Is it meaningful to imagine a function telling how computable (or accessible) a number is ? Maybe such a function could be related to number of steps that are needed to compute it.
If so, which number is the least accessible, though computable ?
On
There is also the useful notion of left-computability and right-computability. i A real number $x$ is left-computable if for any computable real $a$ you can answer YES within finite time to the question : is $x$ greater than $a$ ?
A real number $x$ is right-computable if $-x$ is left-computable.
A real number $x$ is computable if and only if it is left and right-computable.
A real number $x$ is left-computable if and only if an algorithm can give you a non-decreasing sequence of rational numbers which tends to $x$.
For example, given a polynomial with real computable coefficients. Then its largest root is not a computable function of the coefficients. However, it is right-computable.
ADDENDUM
Following the friendly controversy with Carl Mummert, I realized that I was unclear.
As an example, consider the polynomial $f(x)=(x+1)x^2-\epsilon$, with $\epsilon$ a small computable real number. The largest root of $f$ is near $\sqrt\epsilon$ if $\epsilon\geq 0$, and near $-1$ if not.
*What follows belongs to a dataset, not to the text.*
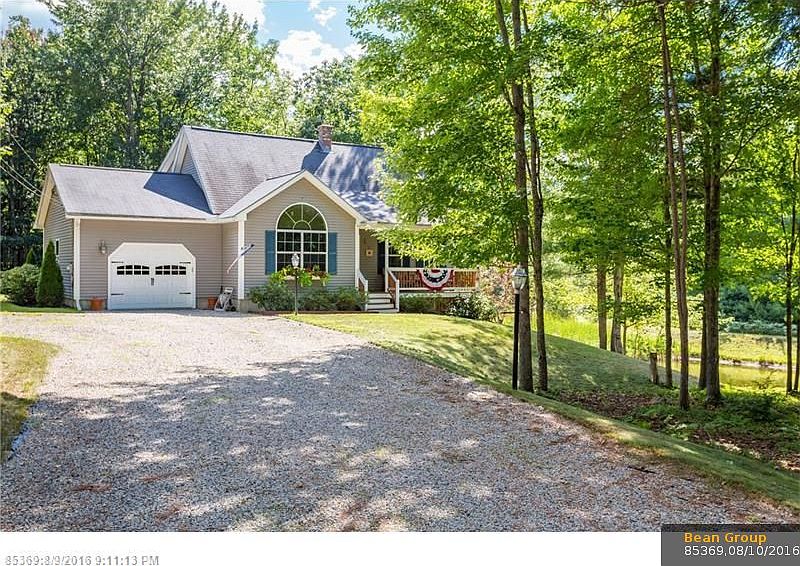 2nd image of 13 Deer Trail Ln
Given the information that $\epsilon=0$ or not, this root is computable. However, as a function of $\epsilon$, it is not. If it were, it would imply that we are able to decide if $\epsilon\geq 0$ or not. But we can't : if you make run the Turing machine which approximate $\epsilon$ and it gives you only zero, you will never be able to state after a finite number of steps that $\epsilon$ is positive, or negative, or null.
This problem is quite general, and in fact, the Grzegorczyk states that a computable function from real numbers to real numbers is continuous. And obviously the function of $\epsilon$ "largest root of f" is not.
However, this largest root is right-computable : the algorithm answer zero as long as it as not enough precision to disprove $\epsilon=0$, and then it is able chose the correct location. But if the algorithm answers zero, you can never be sure that there is indeed a root near zero.
Carl Mummert, please correct me if I'm wrong.
The notion you seem to want is Kolmogorov complexity, which informally speaking measures the size of the smallest program needed to compute an object.